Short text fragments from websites
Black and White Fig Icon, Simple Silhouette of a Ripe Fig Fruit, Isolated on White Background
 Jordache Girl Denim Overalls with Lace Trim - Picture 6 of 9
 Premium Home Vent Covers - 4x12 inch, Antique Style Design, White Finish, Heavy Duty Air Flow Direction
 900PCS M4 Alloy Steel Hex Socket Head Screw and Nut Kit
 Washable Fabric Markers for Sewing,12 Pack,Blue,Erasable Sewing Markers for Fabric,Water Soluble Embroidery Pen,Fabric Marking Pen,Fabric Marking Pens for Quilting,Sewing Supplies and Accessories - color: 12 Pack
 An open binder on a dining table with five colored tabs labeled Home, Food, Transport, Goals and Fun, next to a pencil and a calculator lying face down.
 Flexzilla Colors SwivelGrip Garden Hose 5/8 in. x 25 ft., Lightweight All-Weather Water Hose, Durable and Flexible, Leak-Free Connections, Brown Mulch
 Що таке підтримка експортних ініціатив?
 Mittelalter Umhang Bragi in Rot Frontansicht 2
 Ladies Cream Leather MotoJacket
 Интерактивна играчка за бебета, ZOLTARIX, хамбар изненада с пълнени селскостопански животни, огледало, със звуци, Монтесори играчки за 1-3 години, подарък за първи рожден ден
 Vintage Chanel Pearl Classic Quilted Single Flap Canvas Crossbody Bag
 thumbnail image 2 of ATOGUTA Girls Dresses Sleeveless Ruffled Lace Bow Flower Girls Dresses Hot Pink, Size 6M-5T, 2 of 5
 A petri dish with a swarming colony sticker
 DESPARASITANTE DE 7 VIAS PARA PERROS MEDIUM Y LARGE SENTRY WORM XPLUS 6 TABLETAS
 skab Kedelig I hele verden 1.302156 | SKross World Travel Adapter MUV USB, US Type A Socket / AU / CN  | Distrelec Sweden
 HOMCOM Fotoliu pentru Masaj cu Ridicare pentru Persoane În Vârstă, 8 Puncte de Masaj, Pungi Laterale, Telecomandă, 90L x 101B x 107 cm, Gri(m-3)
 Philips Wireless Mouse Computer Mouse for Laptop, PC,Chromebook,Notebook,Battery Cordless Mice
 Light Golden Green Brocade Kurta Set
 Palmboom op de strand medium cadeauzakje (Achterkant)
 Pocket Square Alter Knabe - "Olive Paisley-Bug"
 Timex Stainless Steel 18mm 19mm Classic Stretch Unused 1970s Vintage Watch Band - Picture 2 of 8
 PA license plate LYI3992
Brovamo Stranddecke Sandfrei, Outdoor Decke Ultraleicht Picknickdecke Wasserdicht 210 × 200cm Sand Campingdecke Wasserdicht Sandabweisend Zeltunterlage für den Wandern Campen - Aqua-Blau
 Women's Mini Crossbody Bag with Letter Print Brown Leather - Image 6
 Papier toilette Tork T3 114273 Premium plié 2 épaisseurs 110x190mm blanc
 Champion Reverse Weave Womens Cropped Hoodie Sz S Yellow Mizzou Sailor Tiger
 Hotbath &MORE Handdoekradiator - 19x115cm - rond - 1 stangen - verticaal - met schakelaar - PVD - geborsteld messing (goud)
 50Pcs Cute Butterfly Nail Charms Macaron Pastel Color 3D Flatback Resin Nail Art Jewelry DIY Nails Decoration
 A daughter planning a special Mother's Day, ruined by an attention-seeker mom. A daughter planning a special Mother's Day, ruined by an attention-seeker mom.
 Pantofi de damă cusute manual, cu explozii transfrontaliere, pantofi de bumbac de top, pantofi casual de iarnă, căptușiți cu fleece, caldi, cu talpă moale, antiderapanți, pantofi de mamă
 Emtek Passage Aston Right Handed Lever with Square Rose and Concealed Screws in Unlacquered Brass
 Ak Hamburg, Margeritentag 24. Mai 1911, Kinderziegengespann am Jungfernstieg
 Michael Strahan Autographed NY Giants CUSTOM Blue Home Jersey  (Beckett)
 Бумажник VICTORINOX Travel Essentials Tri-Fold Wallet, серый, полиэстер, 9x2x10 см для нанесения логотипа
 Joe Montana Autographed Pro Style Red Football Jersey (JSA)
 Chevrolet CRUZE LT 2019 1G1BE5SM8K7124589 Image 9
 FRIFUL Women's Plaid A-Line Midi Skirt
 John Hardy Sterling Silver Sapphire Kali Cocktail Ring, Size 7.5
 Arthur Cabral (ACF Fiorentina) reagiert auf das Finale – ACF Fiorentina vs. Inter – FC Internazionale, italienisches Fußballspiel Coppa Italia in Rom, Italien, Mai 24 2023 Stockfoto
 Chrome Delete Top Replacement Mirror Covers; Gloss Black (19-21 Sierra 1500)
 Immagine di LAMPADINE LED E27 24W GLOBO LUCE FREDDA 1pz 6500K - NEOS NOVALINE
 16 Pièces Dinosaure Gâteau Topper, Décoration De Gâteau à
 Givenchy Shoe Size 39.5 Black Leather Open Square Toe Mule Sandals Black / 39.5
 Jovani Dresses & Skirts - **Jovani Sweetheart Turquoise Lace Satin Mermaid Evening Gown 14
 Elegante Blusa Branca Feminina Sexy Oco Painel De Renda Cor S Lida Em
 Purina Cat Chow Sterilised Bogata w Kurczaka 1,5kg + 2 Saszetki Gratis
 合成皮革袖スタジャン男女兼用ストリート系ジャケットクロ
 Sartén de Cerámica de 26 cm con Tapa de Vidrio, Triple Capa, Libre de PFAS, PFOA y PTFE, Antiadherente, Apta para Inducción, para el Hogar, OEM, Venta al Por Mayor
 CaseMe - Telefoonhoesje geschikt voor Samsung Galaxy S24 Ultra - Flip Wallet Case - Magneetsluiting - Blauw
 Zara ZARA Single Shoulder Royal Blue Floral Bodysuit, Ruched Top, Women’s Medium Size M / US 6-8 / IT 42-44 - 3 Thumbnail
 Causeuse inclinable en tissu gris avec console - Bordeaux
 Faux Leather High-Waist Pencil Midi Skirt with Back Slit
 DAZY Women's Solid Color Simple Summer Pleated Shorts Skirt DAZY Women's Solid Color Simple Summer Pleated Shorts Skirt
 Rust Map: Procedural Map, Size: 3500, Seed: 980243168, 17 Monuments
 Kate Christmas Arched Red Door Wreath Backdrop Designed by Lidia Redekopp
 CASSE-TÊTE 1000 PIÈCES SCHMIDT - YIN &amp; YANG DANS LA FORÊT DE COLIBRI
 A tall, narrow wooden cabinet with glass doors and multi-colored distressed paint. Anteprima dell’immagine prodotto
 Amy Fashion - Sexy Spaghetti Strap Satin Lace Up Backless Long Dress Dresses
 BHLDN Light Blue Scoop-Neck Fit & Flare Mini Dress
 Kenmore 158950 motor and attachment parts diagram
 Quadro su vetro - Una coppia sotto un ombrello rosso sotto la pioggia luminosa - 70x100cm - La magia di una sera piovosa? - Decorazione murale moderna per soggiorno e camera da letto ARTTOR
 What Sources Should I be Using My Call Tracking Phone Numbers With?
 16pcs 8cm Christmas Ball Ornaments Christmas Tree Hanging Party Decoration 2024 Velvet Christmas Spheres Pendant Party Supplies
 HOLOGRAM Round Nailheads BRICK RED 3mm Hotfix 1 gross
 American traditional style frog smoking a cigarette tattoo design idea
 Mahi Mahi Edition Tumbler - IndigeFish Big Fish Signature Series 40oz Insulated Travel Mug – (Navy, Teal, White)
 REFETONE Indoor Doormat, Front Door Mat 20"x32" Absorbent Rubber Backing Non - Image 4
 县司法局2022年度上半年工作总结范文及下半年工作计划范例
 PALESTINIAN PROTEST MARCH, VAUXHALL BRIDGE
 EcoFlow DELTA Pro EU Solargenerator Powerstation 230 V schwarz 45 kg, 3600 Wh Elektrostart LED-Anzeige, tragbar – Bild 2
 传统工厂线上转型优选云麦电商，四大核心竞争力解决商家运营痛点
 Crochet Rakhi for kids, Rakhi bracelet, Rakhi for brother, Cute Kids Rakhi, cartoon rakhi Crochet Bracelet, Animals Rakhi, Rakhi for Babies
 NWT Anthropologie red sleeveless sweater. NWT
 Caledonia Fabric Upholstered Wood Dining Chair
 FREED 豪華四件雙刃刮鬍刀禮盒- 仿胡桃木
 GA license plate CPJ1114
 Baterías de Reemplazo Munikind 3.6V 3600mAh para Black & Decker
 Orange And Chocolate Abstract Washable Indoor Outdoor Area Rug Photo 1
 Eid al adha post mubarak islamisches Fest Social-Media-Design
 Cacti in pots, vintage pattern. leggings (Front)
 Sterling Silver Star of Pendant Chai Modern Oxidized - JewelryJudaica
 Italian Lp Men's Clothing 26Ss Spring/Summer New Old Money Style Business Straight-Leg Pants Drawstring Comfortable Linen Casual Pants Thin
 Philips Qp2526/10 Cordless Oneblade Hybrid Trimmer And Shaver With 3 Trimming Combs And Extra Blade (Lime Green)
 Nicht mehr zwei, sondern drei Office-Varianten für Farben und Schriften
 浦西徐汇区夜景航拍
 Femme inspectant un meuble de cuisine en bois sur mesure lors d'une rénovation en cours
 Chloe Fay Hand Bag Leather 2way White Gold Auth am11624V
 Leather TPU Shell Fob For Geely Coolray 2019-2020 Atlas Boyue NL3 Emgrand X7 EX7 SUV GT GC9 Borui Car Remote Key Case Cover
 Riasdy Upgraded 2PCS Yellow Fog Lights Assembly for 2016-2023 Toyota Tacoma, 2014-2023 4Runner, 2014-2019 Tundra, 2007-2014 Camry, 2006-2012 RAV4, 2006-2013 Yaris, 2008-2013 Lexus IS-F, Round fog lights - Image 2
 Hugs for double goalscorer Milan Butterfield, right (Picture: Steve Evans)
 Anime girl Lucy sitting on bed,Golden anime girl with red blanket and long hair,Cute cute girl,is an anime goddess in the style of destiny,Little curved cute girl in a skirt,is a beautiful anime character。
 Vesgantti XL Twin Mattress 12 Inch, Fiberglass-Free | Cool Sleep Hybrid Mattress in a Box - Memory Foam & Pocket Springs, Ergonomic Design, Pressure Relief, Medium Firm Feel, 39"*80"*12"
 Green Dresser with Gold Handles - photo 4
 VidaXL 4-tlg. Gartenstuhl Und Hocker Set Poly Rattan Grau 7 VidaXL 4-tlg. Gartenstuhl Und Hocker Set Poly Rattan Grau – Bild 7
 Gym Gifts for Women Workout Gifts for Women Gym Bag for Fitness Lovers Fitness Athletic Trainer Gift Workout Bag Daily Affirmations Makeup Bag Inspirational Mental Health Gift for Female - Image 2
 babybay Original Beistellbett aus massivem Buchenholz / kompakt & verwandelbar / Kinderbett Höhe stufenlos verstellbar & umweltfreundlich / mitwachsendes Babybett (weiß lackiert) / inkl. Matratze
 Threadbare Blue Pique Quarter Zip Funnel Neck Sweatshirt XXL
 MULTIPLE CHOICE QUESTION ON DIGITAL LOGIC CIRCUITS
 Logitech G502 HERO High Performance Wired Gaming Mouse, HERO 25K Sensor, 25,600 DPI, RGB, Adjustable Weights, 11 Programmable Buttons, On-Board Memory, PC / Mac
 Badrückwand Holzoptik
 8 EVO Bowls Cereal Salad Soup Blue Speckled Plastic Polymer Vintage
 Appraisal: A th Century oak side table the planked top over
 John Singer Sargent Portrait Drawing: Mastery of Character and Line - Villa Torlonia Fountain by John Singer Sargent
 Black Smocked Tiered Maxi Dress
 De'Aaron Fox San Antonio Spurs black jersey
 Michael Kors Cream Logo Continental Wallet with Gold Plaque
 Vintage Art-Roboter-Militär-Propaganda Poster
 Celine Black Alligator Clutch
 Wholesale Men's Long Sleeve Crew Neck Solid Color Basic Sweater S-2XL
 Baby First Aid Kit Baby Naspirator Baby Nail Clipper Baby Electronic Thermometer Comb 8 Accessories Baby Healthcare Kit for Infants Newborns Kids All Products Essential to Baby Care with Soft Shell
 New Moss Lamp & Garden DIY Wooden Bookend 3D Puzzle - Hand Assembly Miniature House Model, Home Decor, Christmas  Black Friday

_HOW TO COMPLETE THIS TASK:_
An exact, complete copy of the lines above from the one with "Jovani Dresses &" through the one with "Purina Cat Chow" is the whole answer.

_REPLY:_
 Jovani Dresses & Skirts - **Jovani Sweetheart Turquoise Lace Satin Mermaid Evening Gown 14
 Elegante Blusa Branca Feminina Sexy Oco Painel De Renda Cor S Lida Em
 Purina Cat Chow Sterilised Bogata w Kurczaka 1,5kg + 2 Saszetki Gratis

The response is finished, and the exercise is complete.